This looks great though. +1 choosing Qt instead of Electron. -1 for Python though. Otherwise, your approach ticks most of my boxes.
One feature I'd like to see though is reverse file associations - basically associate Linux filetypes inside the Windows VM so that any file you open in a Windows app would open the file in Linux, assuming Linux has a file association for it. Say I've installed Directory Opus in the VM and I want to use it as my primary file manager in Linux, and say I double-click on a .xml file, I would like to open it in the Linux app associated with that filetype (which would be Kate in my case).
On Python: fair pushback. Picked it for stdlib coverage (zero runtime deps on 3.11+, one tomli fallback for 3.9/3.10) and iteration speed. Heavy lifting is in the container and FreeRDP so perf hasn't been the bottleneck, but yeah the language choice is a tradeoff.
Reverse file association is interesting, hadn't thought about that direction. The v0.3.0 agent could probably handle it but I'd want to look at the security model first. Marking it TBD. If you open an issue with the use case that'd help me scope it.
The OCI approach should mean that resources are not ringfenced and held separate from the host, which would be beneficial for applications run on the host. A winapps approach using a VM that is run on the host would constrain the host while the VM is running, which the VM would need to be to make sure the windows app is "always available".
Is there a noticeable performance benefit to using winpodx compared to winapps? How does the idle resource usage compare too?
Can we take this to mean that GPU passthrough is planned? This would be huge especially for running Adobe/Canva software.
It is a fair criticism and some languages do fare better than others. Python is kind of in the middle there in my opinion. It's pretty easy to keep a relatively simple dependency graph with a little bit of discipline.
https://en.wikipedia.org/wiki/Windows_Subsystem_for_Linux
> allows the use of a Linux environment from within Windows, foregoing the overhead of a virtual machine and being an alternative to dual booting.
WSL2 isn't a Windows subsystem by definition as far as I can tell.
But WSL2 is a VM, not just an implementation of Linux utilities
Is Grammarly considered AI or not? I use Grammarly heavily because I use speech recognition in a stream of consciousness mode. It catches misrecognitions and language where I thought the right word but said a different one.
The below is the above once through Grammarly and a couple of written-by-me substitutions.

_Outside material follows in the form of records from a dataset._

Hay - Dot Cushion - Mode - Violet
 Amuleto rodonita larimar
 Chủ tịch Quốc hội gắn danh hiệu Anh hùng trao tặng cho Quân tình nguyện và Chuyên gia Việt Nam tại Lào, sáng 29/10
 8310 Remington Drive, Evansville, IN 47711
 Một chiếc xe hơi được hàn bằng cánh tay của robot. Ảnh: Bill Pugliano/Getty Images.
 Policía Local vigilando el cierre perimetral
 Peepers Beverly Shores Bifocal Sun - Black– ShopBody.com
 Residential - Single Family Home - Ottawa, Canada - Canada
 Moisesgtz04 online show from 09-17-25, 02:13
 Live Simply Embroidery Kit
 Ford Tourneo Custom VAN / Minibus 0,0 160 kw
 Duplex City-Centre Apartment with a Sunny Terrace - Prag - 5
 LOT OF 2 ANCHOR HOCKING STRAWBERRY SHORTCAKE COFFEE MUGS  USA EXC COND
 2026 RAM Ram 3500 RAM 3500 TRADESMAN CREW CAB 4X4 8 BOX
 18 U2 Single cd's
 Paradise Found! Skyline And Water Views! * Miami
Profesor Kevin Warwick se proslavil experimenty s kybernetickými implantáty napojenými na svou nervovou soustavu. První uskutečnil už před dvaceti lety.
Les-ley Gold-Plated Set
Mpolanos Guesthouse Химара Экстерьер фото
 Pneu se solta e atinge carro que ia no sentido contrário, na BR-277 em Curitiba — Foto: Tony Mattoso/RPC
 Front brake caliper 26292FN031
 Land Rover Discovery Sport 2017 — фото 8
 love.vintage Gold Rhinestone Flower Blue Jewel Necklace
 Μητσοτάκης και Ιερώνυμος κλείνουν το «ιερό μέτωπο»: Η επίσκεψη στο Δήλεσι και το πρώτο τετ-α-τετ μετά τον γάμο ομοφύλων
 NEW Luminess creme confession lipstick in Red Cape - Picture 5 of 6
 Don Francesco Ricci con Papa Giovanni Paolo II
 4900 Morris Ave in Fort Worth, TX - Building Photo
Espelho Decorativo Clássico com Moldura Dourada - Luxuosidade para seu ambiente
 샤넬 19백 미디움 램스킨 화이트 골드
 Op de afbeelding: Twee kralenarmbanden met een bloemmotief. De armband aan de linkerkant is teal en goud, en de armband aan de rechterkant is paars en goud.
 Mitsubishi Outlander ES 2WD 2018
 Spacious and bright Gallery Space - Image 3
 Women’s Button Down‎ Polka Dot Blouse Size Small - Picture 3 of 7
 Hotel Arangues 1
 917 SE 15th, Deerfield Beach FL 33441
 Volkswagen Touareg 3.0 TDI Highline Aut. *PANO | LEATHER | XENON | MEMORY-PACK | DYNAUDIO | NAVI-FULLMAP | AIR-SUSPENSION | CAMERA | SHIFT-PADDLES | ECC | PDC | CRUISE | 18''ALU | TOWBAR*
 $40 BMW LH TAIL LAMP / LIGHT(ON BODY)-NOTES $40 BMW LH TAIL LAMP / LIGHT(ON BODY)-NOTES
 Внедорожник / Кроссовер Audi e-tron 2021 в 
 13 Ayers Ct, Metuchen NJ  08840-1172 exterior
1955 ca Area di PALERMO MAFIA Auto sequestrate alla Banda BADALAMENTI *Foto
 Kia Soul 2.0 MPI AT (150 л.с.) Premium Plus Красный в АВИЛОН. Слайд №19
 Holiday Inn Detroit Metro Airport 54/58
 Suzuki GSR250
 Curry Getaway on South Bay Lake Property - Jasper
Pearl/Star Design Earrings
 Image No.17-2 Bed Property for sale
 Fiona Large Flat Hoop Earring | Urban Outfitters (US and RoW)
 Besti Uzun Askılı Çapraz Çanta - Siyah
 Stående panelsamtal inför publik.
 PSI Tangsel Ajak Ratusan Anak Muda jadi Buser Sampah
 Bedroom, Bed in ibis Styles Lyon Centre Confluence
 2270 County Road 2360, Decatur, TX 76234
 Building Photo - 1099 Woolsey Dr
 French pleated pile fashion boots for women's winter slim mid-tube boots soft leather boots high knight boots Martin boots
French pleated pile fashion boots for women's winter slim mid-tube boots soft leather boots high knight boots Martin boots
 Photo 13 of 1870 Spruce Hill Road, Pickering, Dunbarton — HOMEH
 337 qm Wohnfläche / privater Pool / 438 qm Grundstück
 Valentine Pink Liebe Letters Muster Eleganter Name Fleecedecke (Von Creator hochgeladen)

Is Grammarly considered AI or not? I use Grammarly heavily because I use Aqua speech recognition in a stream-of-consciousness mode. It catches misrecognitions and language where I thought the right word but said the wrong one.
If the writing ends up being the same as what you would produce if you carefully edited it yourself, it will be well received. If it shows any signs of being machine-generated rather than human-authored, the audience will sense it and react negatively.
We advise against copy+pasting any generated text into HN. If you think there’s some fuzziness around the definition of “generated”, well, see what happens.